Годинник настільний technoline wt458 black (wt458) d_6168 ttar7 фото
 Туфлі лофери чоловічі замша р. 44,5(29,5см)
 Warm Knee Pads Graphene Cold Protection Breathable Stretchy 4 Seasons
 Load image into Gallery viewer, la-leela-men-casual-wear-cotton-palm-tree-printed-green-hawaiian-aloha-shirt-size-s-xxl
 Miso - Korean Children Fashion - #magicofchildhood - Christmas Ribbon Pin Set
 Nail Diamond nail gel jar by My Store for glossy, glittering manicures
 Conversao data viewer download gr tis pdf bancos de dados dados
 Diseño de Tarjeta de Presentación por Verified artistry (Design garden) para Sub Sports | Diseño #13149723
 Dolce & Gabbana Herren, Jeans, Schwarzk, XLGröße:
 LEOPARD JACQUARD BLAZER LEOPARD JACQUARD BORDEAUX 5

WORK REQUEST: From the line containing "Miso - Korean" down to the last line of the material, each line is to be retyped exactly; no other lines belong in the answer.

EXERCISE ANSWER:
 Miso - Korean Children Fashion - #magicofchildhood - Christmas Ribbon Pin Set
 Nail Diamond nail gel jar by My Store for glossy, glittering manicures
 Conversao data viewer download gr tis pdf bancos de dados dados
 Diseño de Tarjeta de Presentación por Verified artistry (Design garden) para Sub Sports | Diseño #13149723
 Dolce & Gabbana Herren, Jeans, Schwarzk, XLGröße:
 LEOPARD JACQUARD BLAZER LEOPARD JACQUARD BORDEAUX 5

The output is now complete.